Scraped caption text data
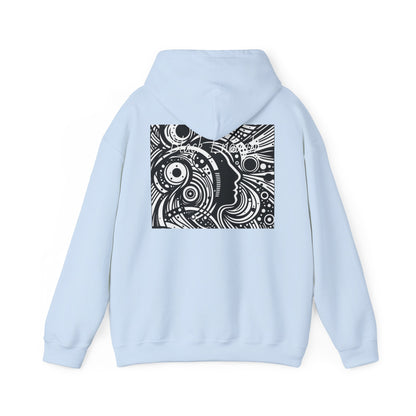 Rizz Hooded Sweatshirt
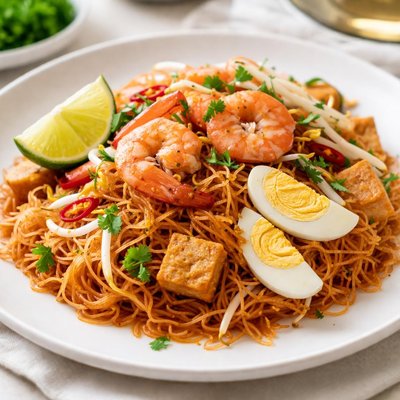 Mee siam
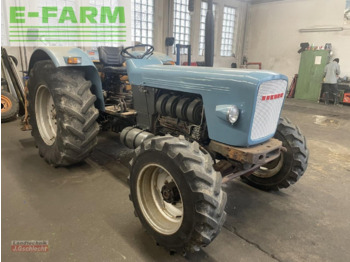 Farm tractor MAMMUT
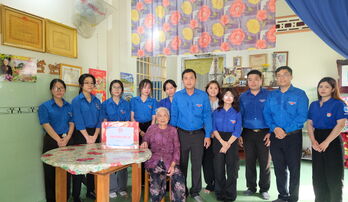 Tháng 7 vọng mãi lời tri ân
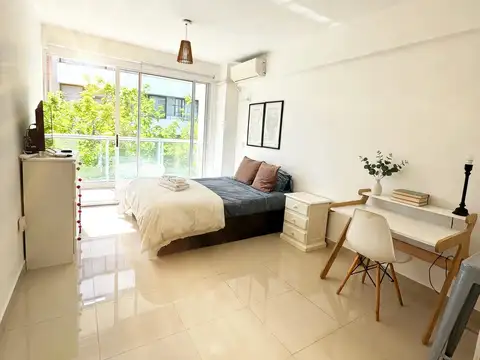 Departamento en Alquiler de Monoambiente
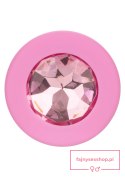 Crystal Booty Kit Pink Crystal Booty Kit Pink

# [Exercise instructions]
Restate every line above word for word. Do not carry over the images.

# [Answer space]
 Rizz Hooded Sweatshirt
 Mee siam
 Farm tractor MAMMUT
 Tháng 7 vọng mãi lời tri ân
 Departamento en Alquiler de Monoambiente
 Crystal Booty Kit Pink Crystal Booty Kit Pink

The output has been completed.